Поскольку исторические прецеденты существуют, хотя и не столь широко распространенные, как утверждал Тридентский собор, насколько эта практика должна быть общеупотребительной? Чтобы ответить на этот вопрос, Хемниц возвращается к повествованию об установлении Таинства, которое представляет собой «норму и правило»20. Хемниц не одобряет сохранение Даров и высказывает несколько доводов в пользу своей точки зрения.
 
Во-первых, исходя из описания Тайной Вечери, Хемниц делает вывод: «Следовательно, с описанием установления и примером Христа лучше согласуется произносить слова установления и тем самым благословлять Евхаристию на месте и во время Причастия в присутствии тех, кто будет причащен, а не в другом месте и в другое время в отсутствие тех, кому оно будет предложено»21. Второй аргумент обращает внимание на характер слов установления. Слова «примите», «ядите», «творите» и т. п. обращены не к Дарам, а к тем, кто приступает к Причастию22. Следовательно, освящение Дары в отсутствие причастников не согласуется с установлением. В-третьих, Вечеря Господня — это не лекарство, которое следует принимать в тишине, она непременно сопровождается словами. Разделение слов установления и причащения нарушает тесную связь между Причастием и провозглашением смерти Христа. В-четвертых, больные нуждаются в утешении, а лучшее утешение для них — Слова Установления. В-пятых, если Дары не сохраняются, не возникает и вопроса о том, что они представляют собой вне использования, который «нарушает простоту учения и веры относительно Евхаристии». Наконец, в-шестых, поскольку Рим пытается сделать эту практику обязательной, в знак христианской свободы и в качестве протеста против этой попытки связать совесть узами лютеране отвергают этот канон Тридентского собора.
 
Следовательно, лютеранский обычай — «произносить слова Вечери, которые и являются освящением, в присутствии больного». Таким образом лютеране следуют предписанию и примеру Христа, а не какому-то преданию, не имеющему основания в Писании.
 
Вчитавшись в рассуждения Хемница, мы находим, что он очень тщательно исследует исторические сведения.
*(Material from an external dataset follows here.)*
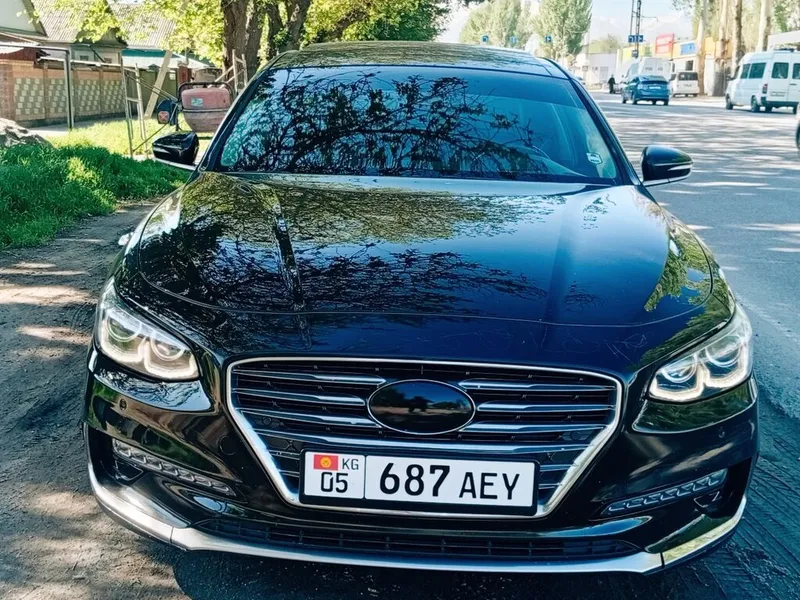 Hyundai Grandeur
Он не идет простым путем, попросту отвергая все исторические вопросы и ссылаясь лишь на авторитет Писания. Тем не менее, практику, которая не упоминается в Писании и не является общепринятой, следует оценивать на основании Писания. Хемниц не настаивает на том, что увеличение срока использования — например, если Дары сразу после освящения относят больным и лишенным возможности быть в церкви, или их сохраняют на короткое время, чтобы причастить больных, — само по себе не является нарушением23. Однако для нынешнего времени он не видит никакой пользы от практики, которая не столь близка к примеру и повелению Христа, как практика, принятая среди лютеран, — совершать освящение и причащение как можно ближе по времени.
 
Мы изучили историю того, как в лютеранской церкви на практике и в теории решали вопрос, следует ли использовать преждеосвященные Дары для причащения христиан, ограниченных в передвижении, однако нам еще нужно понять, как это влияет на нашу сегодняшнюю практику.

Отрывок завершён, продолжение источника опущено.